(Records for the exercise begins)

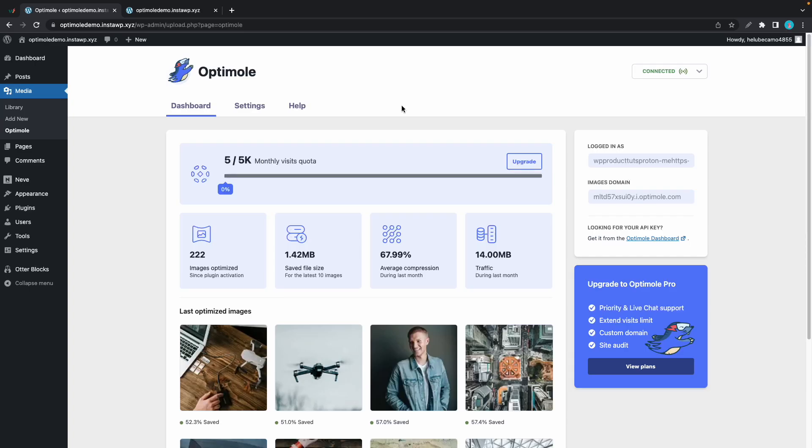Hi guys, in today's video I'll be explaining Optimole's lazy loading feature. Lazy loading is basically loading images when needed by the browser versus loading them immediately when the page opens.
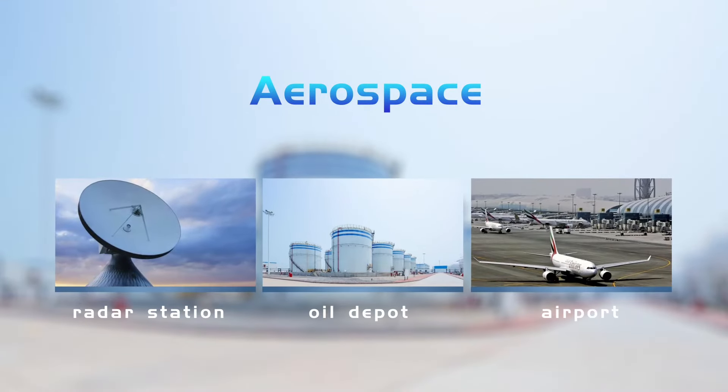At present, Sunlight's grounding system has been used in more than 70 countries, covering the following industries: petroleum and petrochemical, storage transportation, refining, chemical industry, and aerospace.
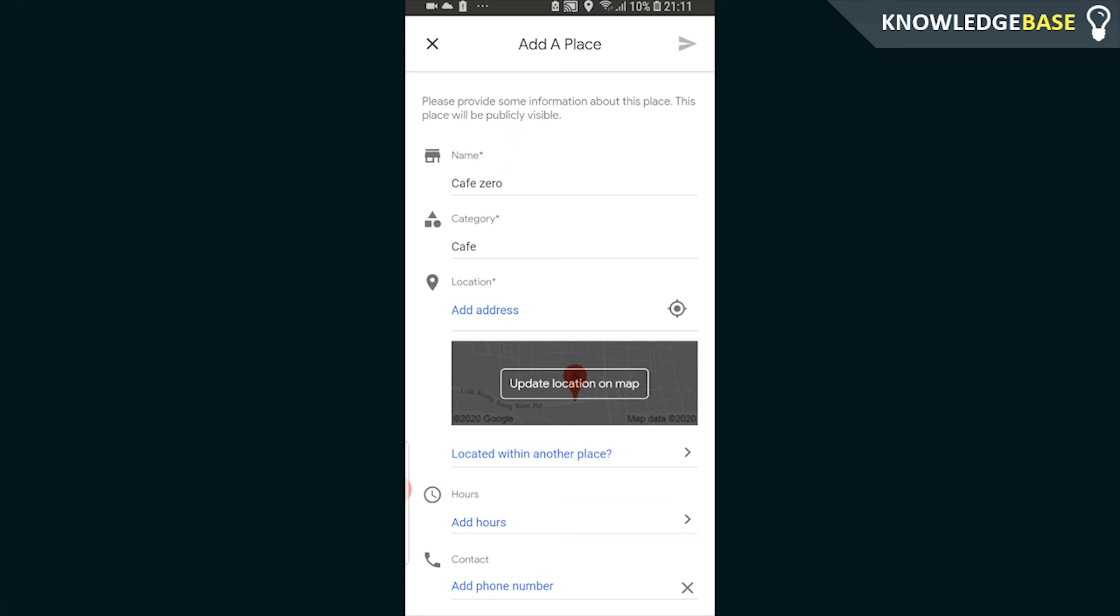So that's how you can add a place to Google Maps. I hope that video helped you out. Fill in the forms honestly and properly, and it'll get accepted. I'll see you all in the next one.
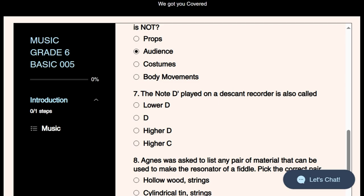Question seven is testing us on the descant recorder. Remember, the descant recorder is a wind instrument handled by all CBC learners. In Grade 4 we talked about notes B, A, and G. In Grade 5 we talked about the high C and high D. In Grade 6 we are handling lower C, lower D, lower E, and lower F. Each note on a descant recorder can be played on a high pitch or lower pitch, distinguished by an apostrophe sign. The note D played with this sign is called the higher D.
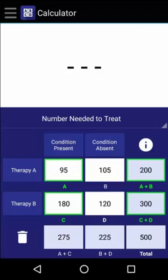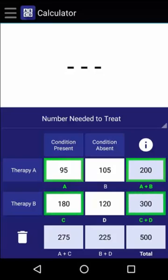The incidence of the condition in those who received Therapy A is 95 over 200, which is 47.5%, whereas the incidence of the condition in those who received Therapy B is 180 over 300, which is 60%. By subtracting the incidence in Therapy B from the incidence in Therapy A, we find that the absolute risk reduction is 12.5%.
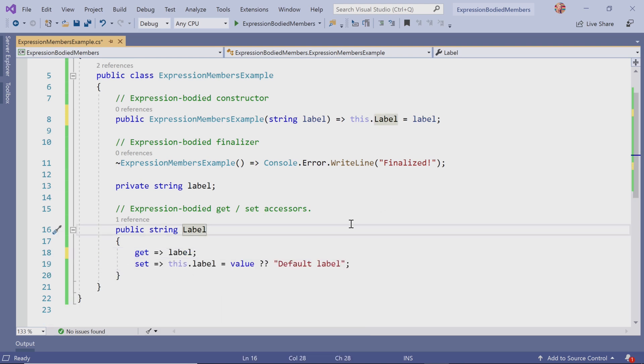It makes the code cleaner. Definitely gets rid of some extra curly braces and whitespace we don't really need.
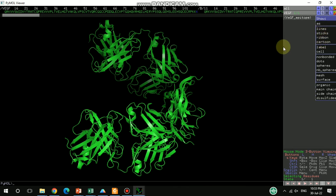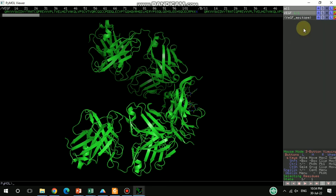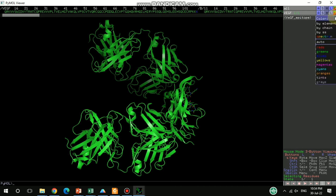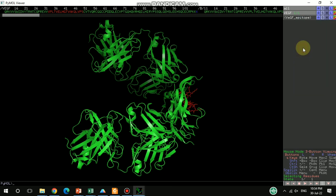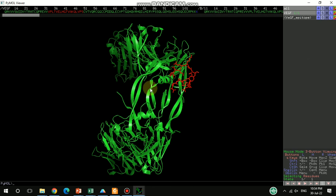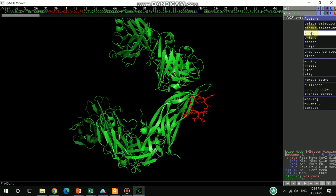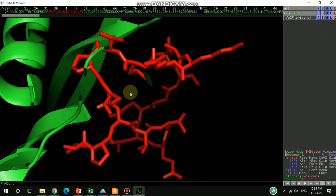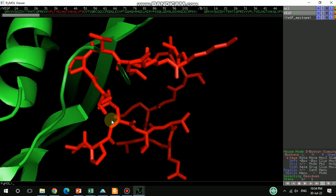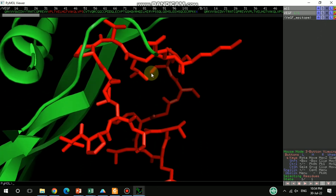This is already in cartoon representation, so you can choose to show it as sticks, and you can also change the color to red. Now see — this red sequence is the epitope. You can see it here. You can zoom in and then you can understand more clearly. This is the right sequence of that epitope of that antigen.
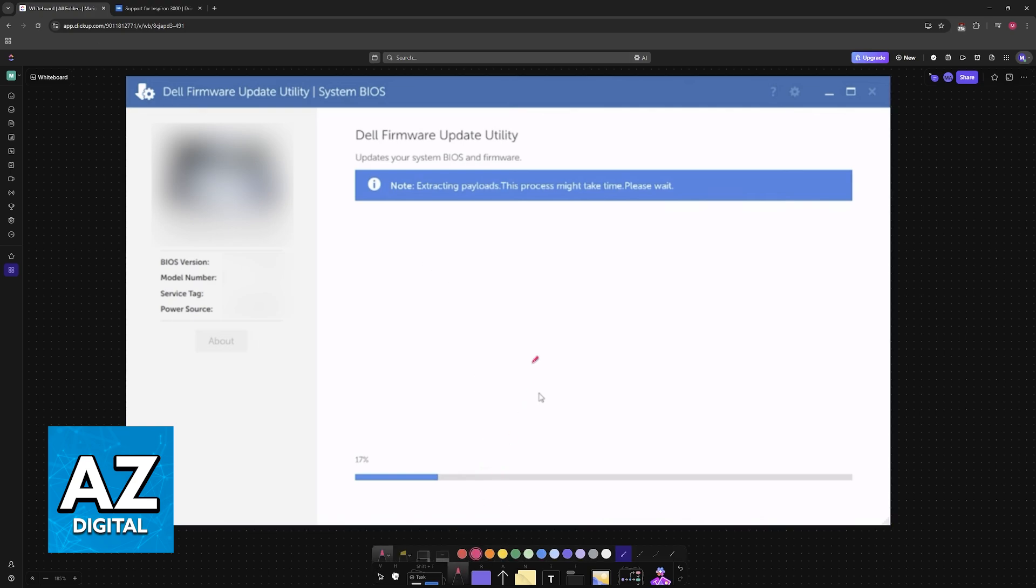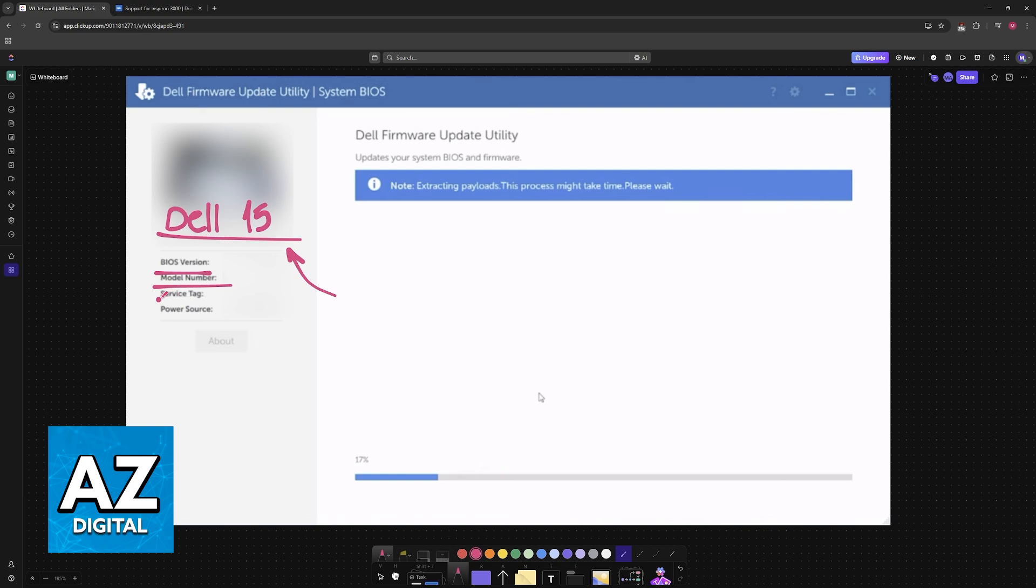So download this executable file and run it. Your Dell Inspiron will be detected and appear here. And once it appears with the image, you will be able to see the current BIOS version, the model number, service tag, power source, and let the update perform.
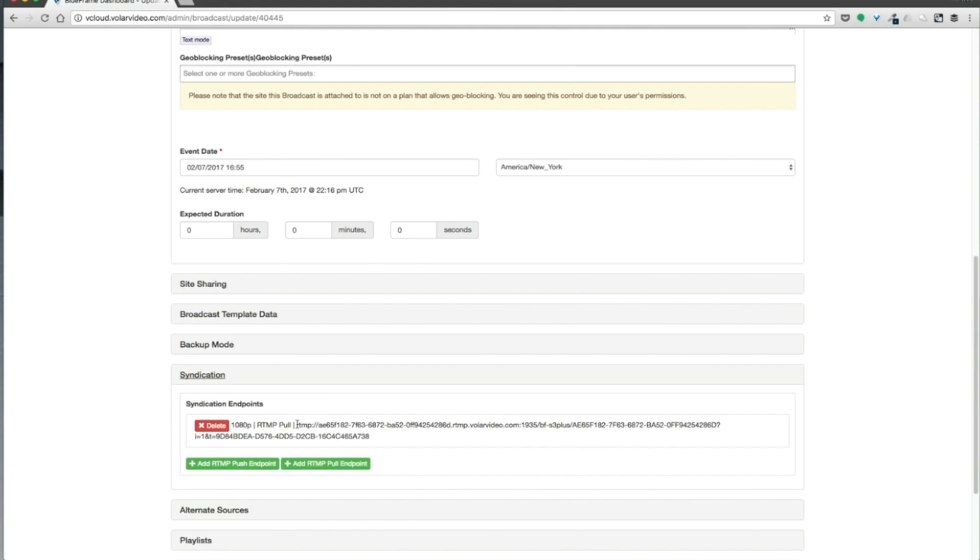And it's going to pull the broadcast that Broadcast B is doing into Production Truck. Now, one very important note is that Broadcast B has to be live before you can pull it into Production Truck.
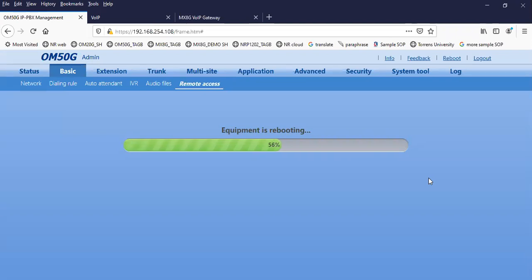Usually it takes about less than a minute for your device to reboot. So you have to be a little patient to ensure that the device is properly working.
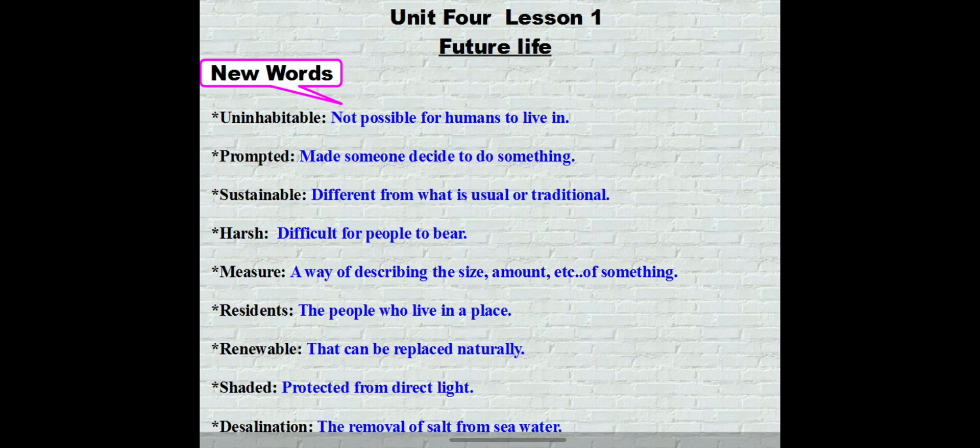Hello my students. Today we are going to study Unit 4, Lesson 1. First, the vocabulary words.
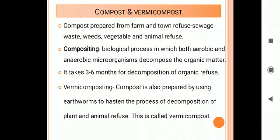Compost is prepared from farm and town refuse — sewage waste, weeds, vegetable waste, and animal refuse. These recyclable organic materials are decomposed through composting, which is a biological process in which both aerobic and anaerobic microorganisms decompose the organic matter. Composting typically takes three to six months for decomposition.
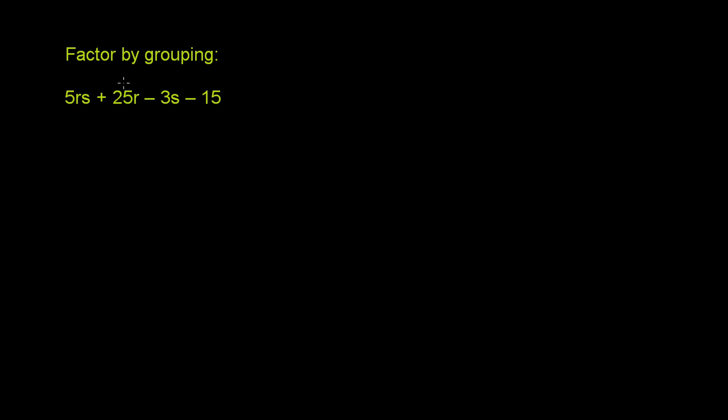We're asked to factor this expression by grouping. They mention grouping, and we're going to see what grouping is, but we're going to see very quickly that we have to do this thing called grouping because you can't just factor this expression. If you look at these, each of the terms, all but one of them is divisible by 5, so you can't just factor out a 5.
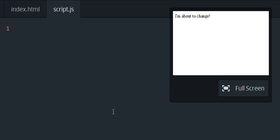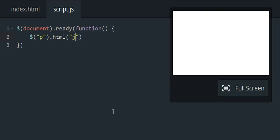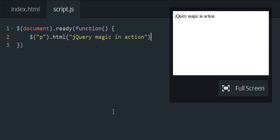So to get started, I have my document.ready block. We're told to target the paragraph element, use the new function, and then put in jQuery magic in action, and that paragraph is automatically changed. So that's all you need to do to pass this exercise.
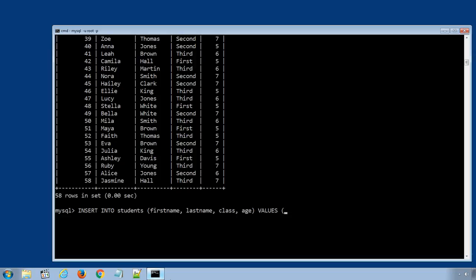in another bracket, name of the student, surname, the class, and the age of the students. Complete the bracket, use semicolon to terminate the SQL statement.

(Records for the exercise ends)

| Aim of the task |
Word for word, write out the lines from the top of the records above down to the line holding "At present, Sunlight's", inclusive, but not the pictures.

| Task result |
Hi guys, in today's video I'll be explaining Optimole's lazy loading feature. Lazy loading is basically loading images when needed by the browser versus loading them immediately when the page opens.
At present, Sunlight's grounding system has been used in more than 70 countries, covering the following industries: petroleum and petrochemical, storage transportation, refining, chemical industry, and aerospace.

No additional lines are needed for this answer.